Se der tudo certo, tem que copiar para o /boot... mas um passo de cada vez.

----------

## gava

Ok, as fontes são do gentoo-sources, baixadas através de  -> # emerge --ask sys-kernel/gentoo-sources

fiz o procedimento .. copiei o config.gz, com comando genkernel all deu o mesmo erro, porém ao entrar no diretorio /usr/src/linux, onde estao as fontes o comando: make && make modules_install rodaram beleza .... 
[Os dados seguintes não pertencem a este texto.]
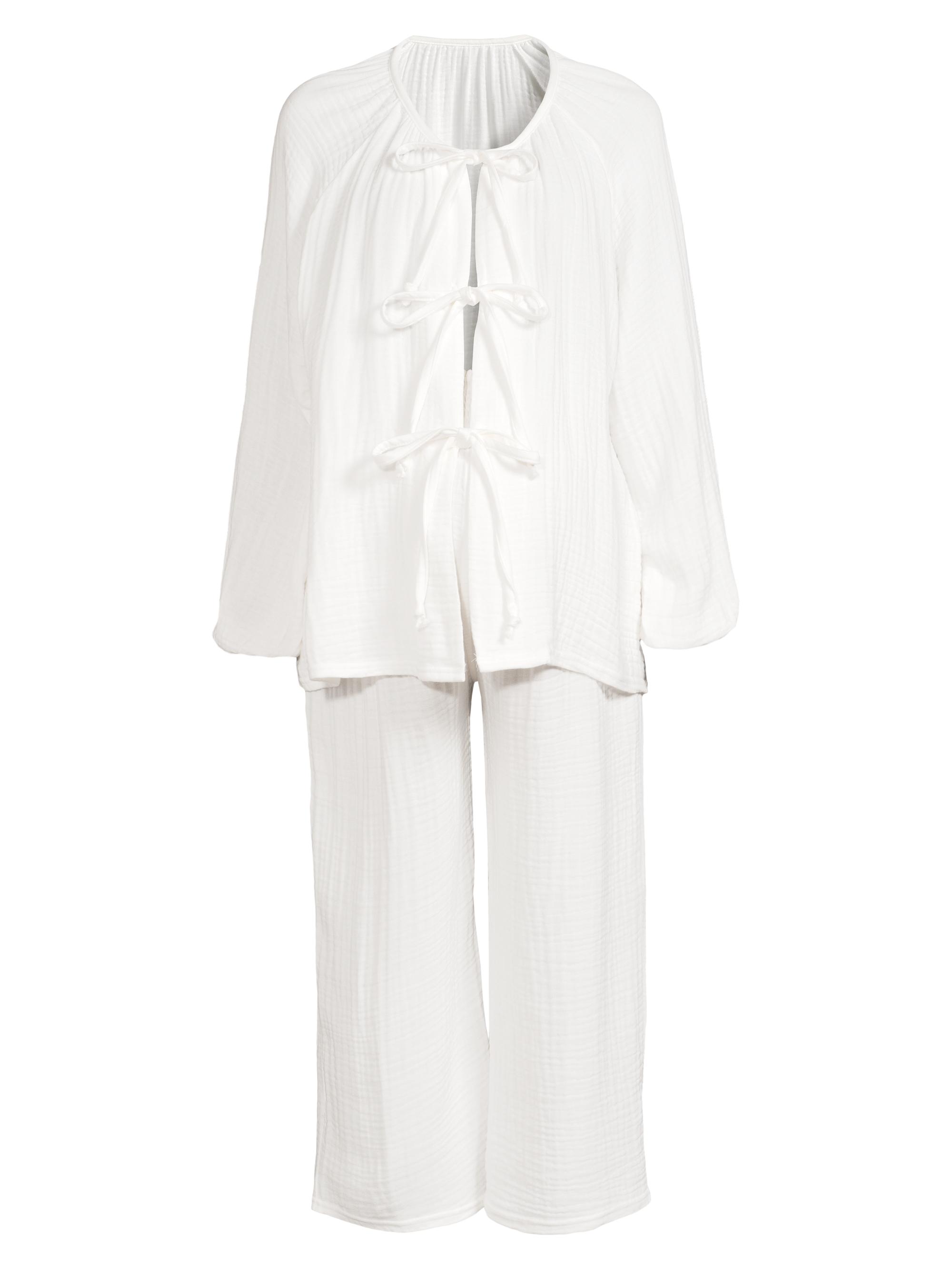 Nothing Fits But Women's Tie Muslin Gauze Lounge Set - White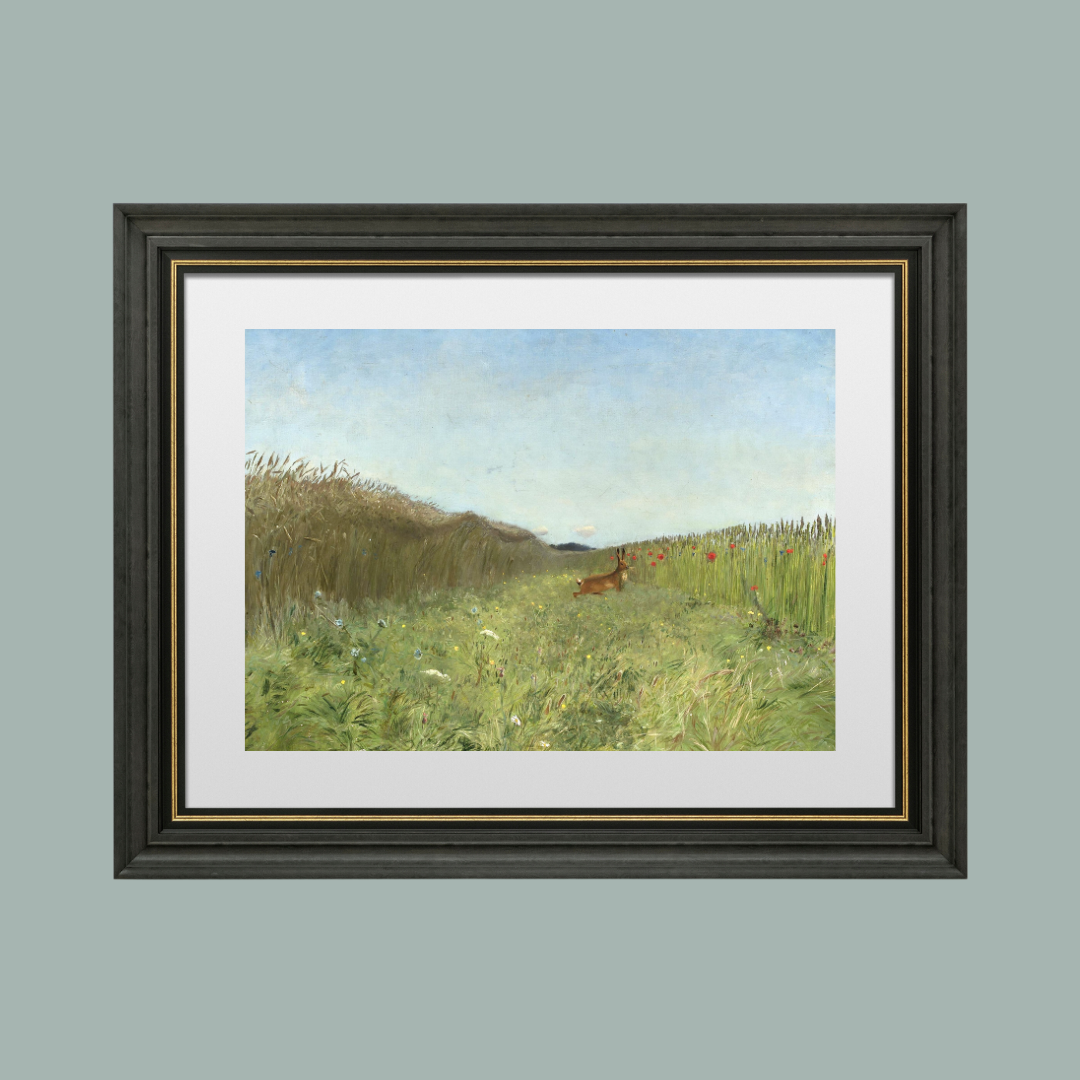 Antique Hare in the Grain Art Print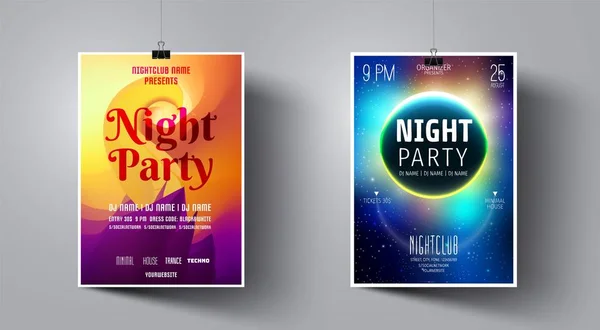 Party Flyer Template with Purple and Orange color. Colorful Abstract Vector Illustration. Party Flyer Template on the Background of the Moon and Galaxy Space.  Night Club Dj Poster. — Stock Vector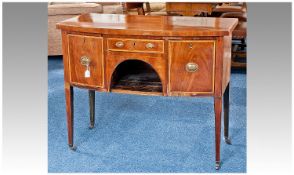 George III Mahogany Bow-Fronted Sideboard, circa 1790, fitted with two cellarette drawers to each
posso seguir para o próximo passo do manual ?

#make install 

Será necessário eu criar uma initramfs ? uma vez que nao tenho /usr e /var em particoes saparadas.. 

obrigado.

----------

## pilla

Acho que podes tentar ir adiante com o make install e a instalação do grub.

----------

## gava

ok, estou indo adiante, mas estou com problemas ... apois todo procedimento .. instalei o grub.. reiniciei .. o grup aparece .. mas da um kernel panic

Kernel panic - not syncing: VFS: Unable to mount root fs on unknown-block(0,0)

o que pode ser ?

----------

## pilla

Como está a configuração do Grub? E como é o /etc/fstab?

----------

## gava

estou utilizando o lilo

segue lilo.conf 

https://ap.imagensbrasil.org/image/LP5JY

e fs tab

https://ap.imagensbrasil.org/image/LPP8j

obrigado

----------

## pilla

Não uso lilo há muito tempo, mas parece que a configuração não tem nada de obviamente errado. Pode ser falta de um initramfs com o driver para acessar o root?

Eu instalaria o GRUB, bem mais opções em tempo de boot e mais suportado atualmente.

----------

## gava

massa brother .. to fazendo assim agora.. eu tenho um core 2 duo ... estava tentando com a versao x86.. porém baixei agora a versao x86_x64 .. vou tentar gerar o kernel com genkernel .. pra ver se da certo .. e vou criar initramfs tbm ... posto aqui se nao conseguir

----------

## gava

depois de muita luta.... e 15 horas esperando genkernel compilar .. consegui .. to no gentoo já .. modo texto... pode fechar o topico amigo pila... parte da missao foi completa.. 

caso tenha dificuldades pra instalar o X e o gnome .. volto a postar... abraços

----------

## pilla

Parabéns! 

A gente não fecha os tópicos, no máximo o dono original vai lá e edita o título para dizer que foi resolvido.

----------